First post, by coolgenie
Recently I noticed a PC/AT-class emulator running on Pi Pico boards (PCB “Murmulator”). Since Waveshare now sells a compact RP2350B-PiZero board with built-in HDMI output, microSD, and two USB-C ports, I decided to port the emulator to that platform.
So far I’ve:
- Fixed HDMI timing on the Waveshare board
- Improved the VGA emulation
- Increased text-mode rendering to use a proper 8×16 font (much nicer readability)
- Added USB keyboard and mouse support
- In terms of speed, it feels roughly in the range of a 286 to a 386SX .
If you want to try it, the source is on GitHub: https://github.com/petr-to/pico-286-waveshare
Why Waveshare / what’s next
The original motivation was RP2350B’s higher GPIO count versus the “usual” small boards. My longer-term goal is to turn this into a kind of modern SBC with a real 8088 connected over GPIO: code would execute on the real Intel CPU, while the RP2350-based “mainboard” would provide RAM, video, keyboard, and storage.
I’m also considering ISA support. With enough GPIOs (and some multiplexing), it might be feasible to expose an ISA slot (or at least a subset) for experiments.

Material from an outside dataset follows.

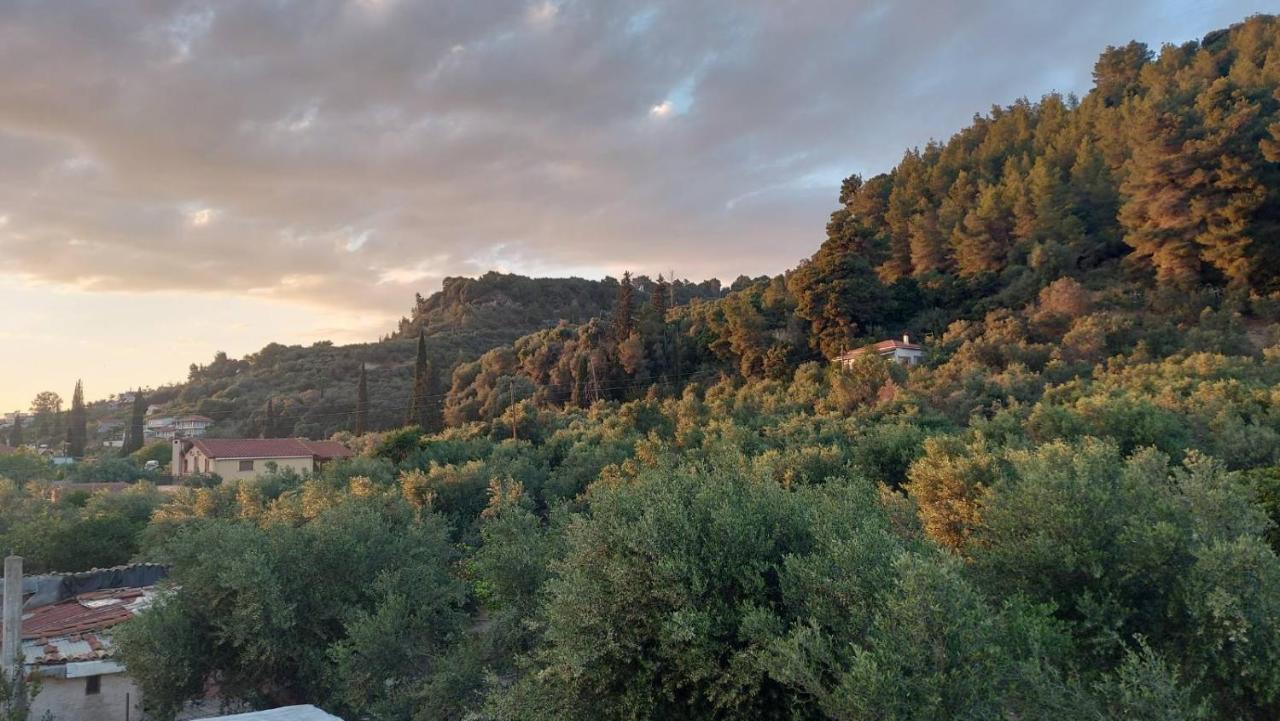 Homonatura. Sense Of Native Living. Pírgos Exterior foto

Alternative direction: modular “plug-in” architecture
Since PC/XT isn’t exactly a hot topic nowadays, and getting a 386/486-class CPU running at a decent speed on a small, affordable board isn’t trivial, I’m considering a more flexible modular design:
- One Pico 2 (or similar) as a “mainboard” handling CPU (286/386SX class) plus ~8 MB RAM
- A second Pico 2 dedicated to VGA emulation with higher resolutions / more colors
- Optionally a Teensy 4.1 as a “performance module” (e.g., CPU+memory emulation targeting 386DX, maybe even 486SX territory)
What do you think—does the “real 8088 over GPIO” direction sound interesting to you, or would the modular multi-MCU approach be more useful/practical for this community?